TASK TO CARRY OUT – Return the lines beginning at the one that contains "Геймпад Sony Playstation" and running to the end of the records, exactly and with nothing else. Omit pictures.

[Image-text web data]
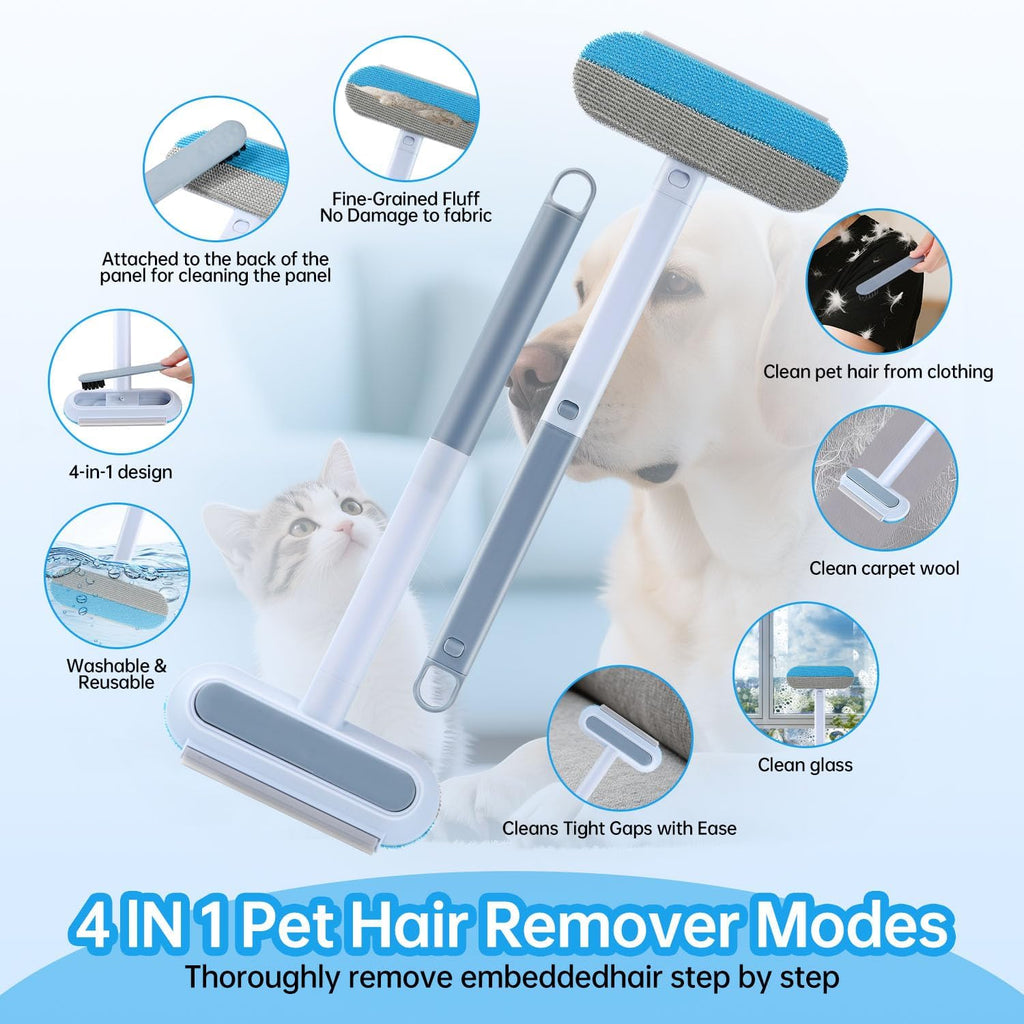 Pet Hair Remover Brush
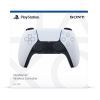 Геймпад Sony Playstation DualSense Bluetooth PS5 White (1000050246) изображение 7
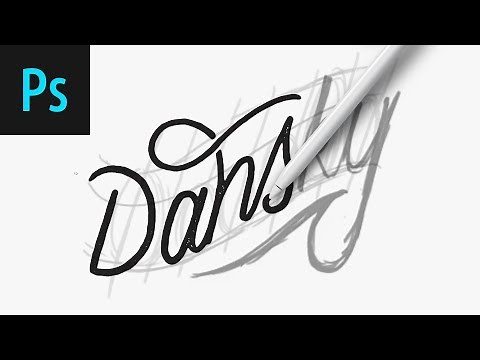 Hand Lettering Tutorial for Beginners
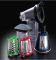 Мультирізка Russell Hobbs Desire Slice&Go, 200Вт, 3 насадки, корпус-пластик, червоний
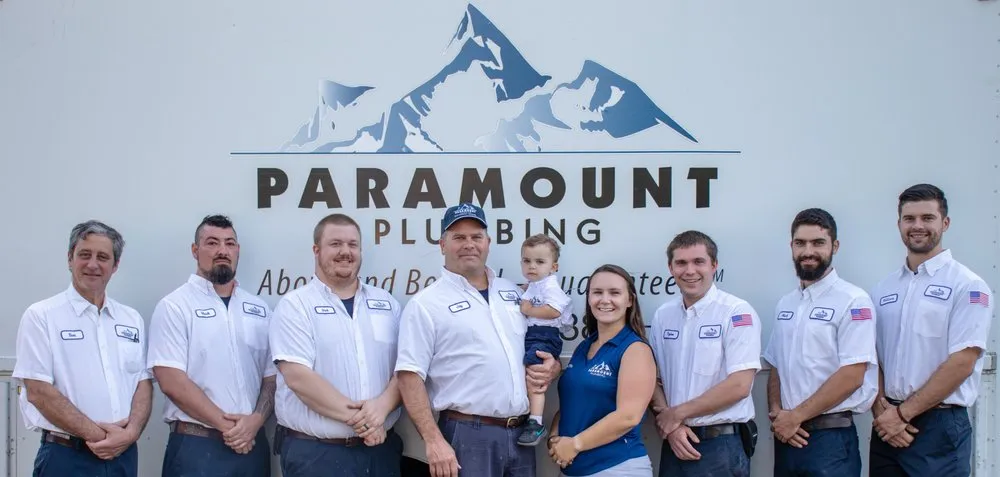 Quality pipe repair service in Downingtown, PA - Paramount Plumbing, Heating & Air Conditioning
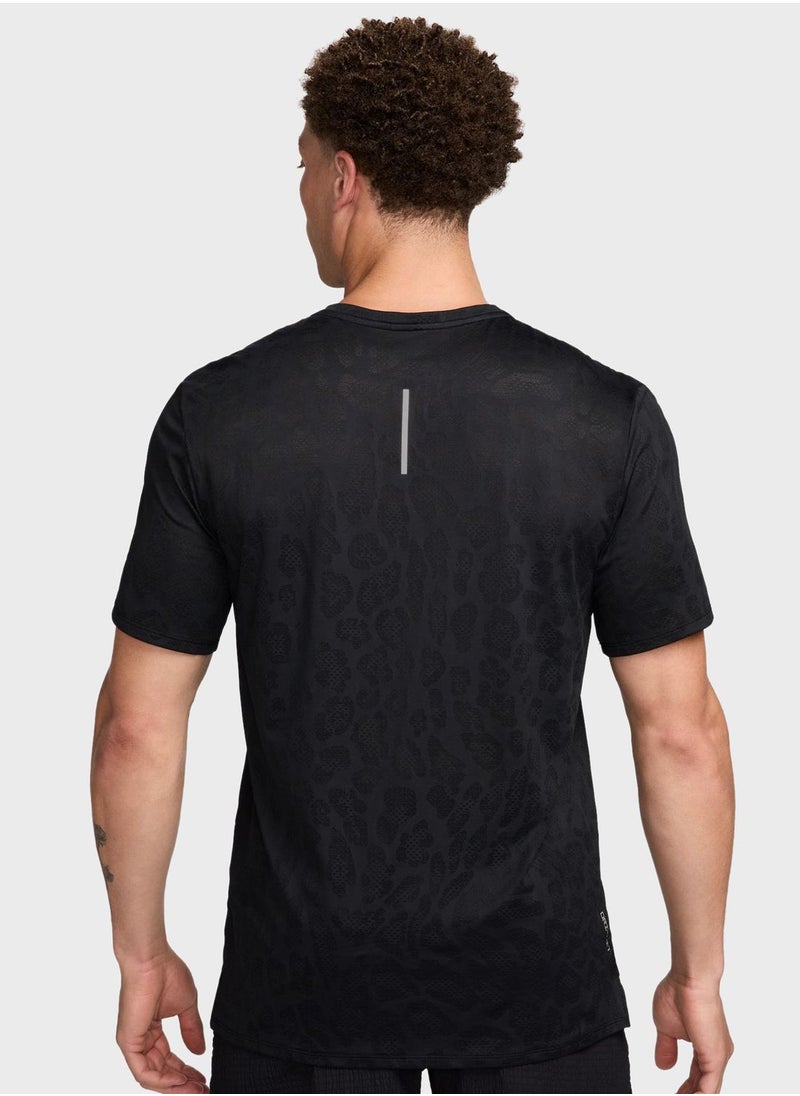 Dri-Fit Rise 365 Run T-Shirt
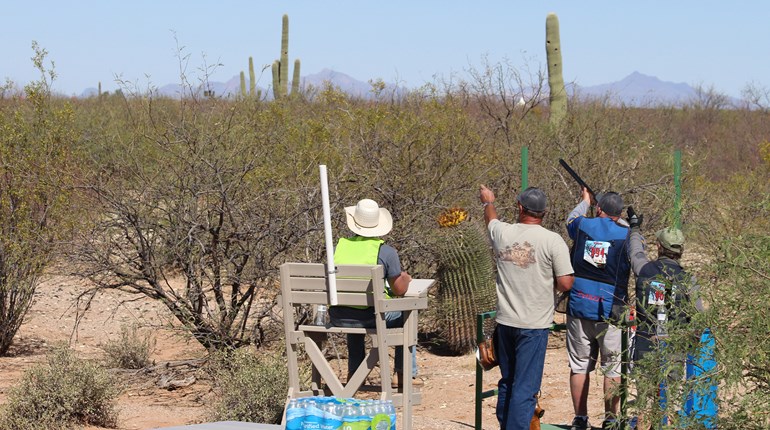 5 Problem Sporting Clays Targets And How To Break Them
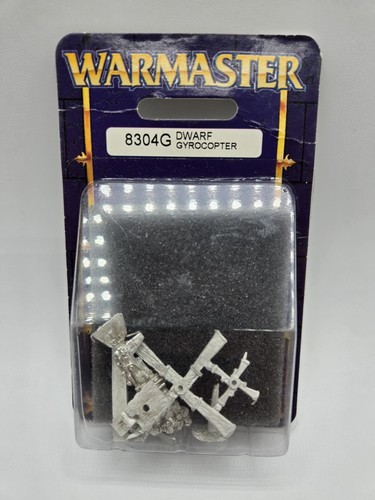 Games workshop warmaster - warmaster, dwarf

WRITTEN ANSWER –
 Геймпад Sony Playstation DualSense Bluetooth PS5 White (1000050246) изображение 7
 Hand Lettering Tutorial for Beginners
 Мультирізка Russell Hobbs Desire Slice&Go, 200Вт, 3 насадки, корпус-пластик, червоний
 Quality pipe repair service in Downingtown, PA - Paramount Plumbing, Heating & Air Conditioning
 Dri-Fit Rise 365 Run T-Shirt
 5 Problem Sporting Clays Targets And How To Break Them
 Games workshop warmaster - warmaster, dwarf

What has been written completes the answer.